"""

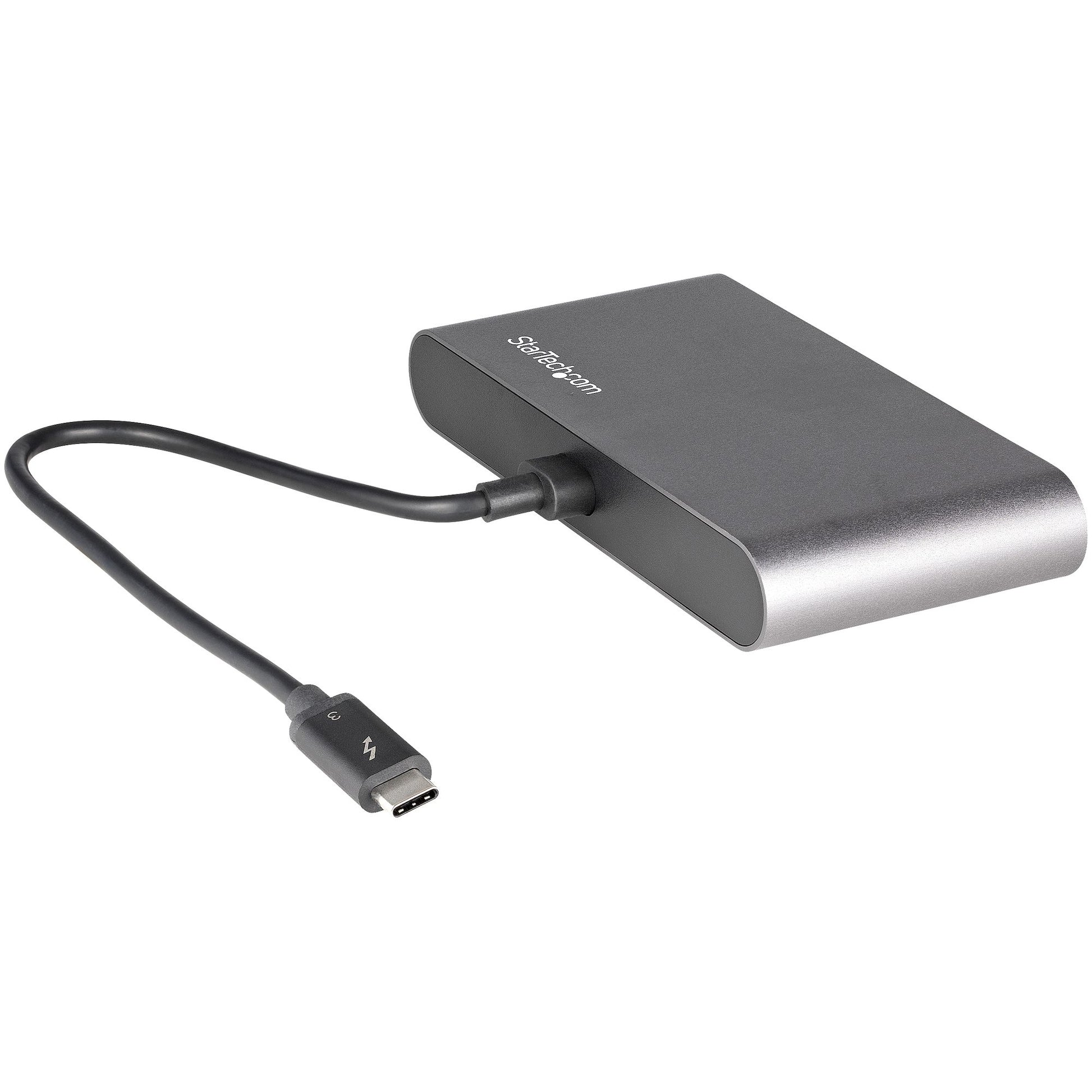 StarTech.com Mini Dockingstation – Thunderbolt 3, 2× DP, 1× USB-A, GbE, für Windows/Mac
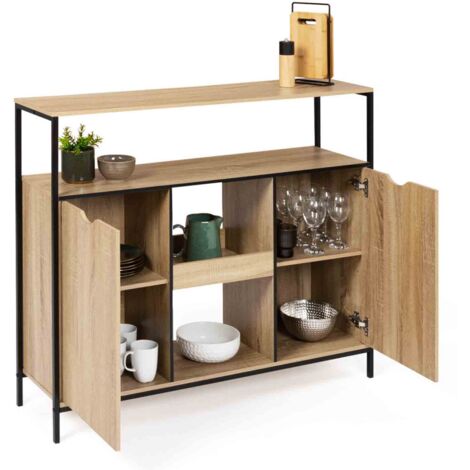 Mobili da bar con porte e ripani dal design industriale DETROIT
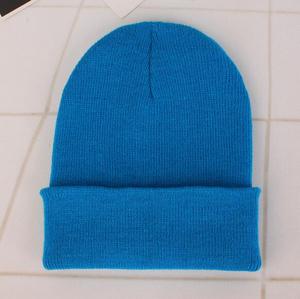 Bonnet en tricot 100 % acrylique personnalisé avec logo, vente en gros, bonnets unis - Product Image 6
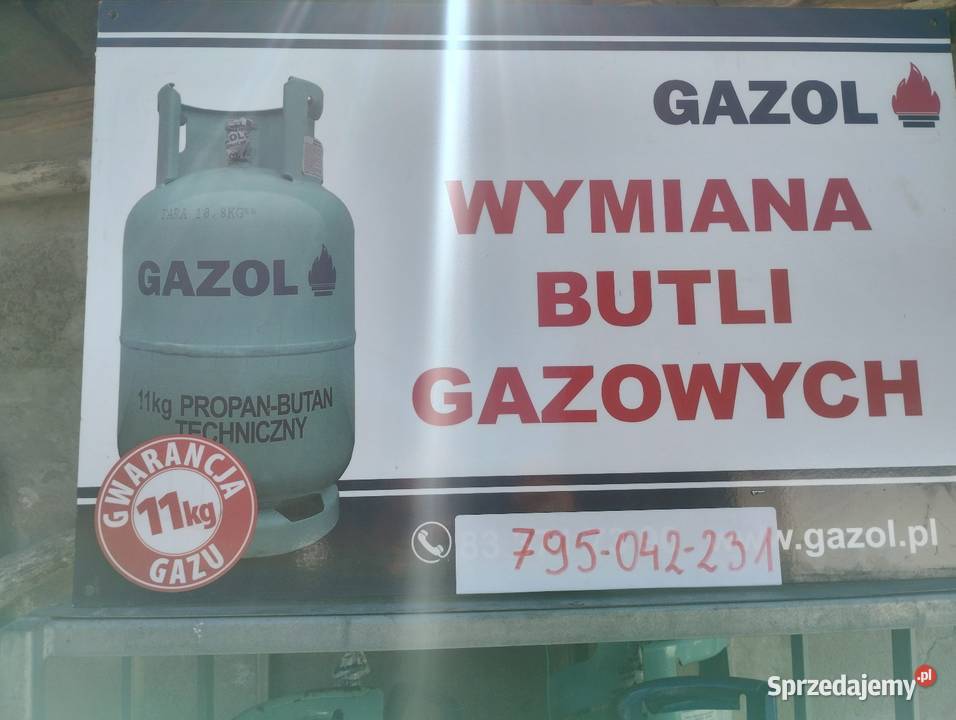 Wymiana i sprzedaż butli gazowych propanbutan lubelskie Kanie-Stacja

"""

Leave out the images and write out the listing above exactly.

◆ **Response to this exercise**
 StarTech.com Mini Dockingstation – Thunderbolt 3, 2× DP, 1× USB-A, GbE, für Windows/Mac
 Mobili da bar con porte e ripani dal design industriale DETROIT
 Bonnet en tricot 100 % acrylique personnalisé avec logo, vente en gros, bonnets unis - Product Image 6
 Wymiana i sprzedaż butli gazowych propanbutan lubelskie Kanie-Stacja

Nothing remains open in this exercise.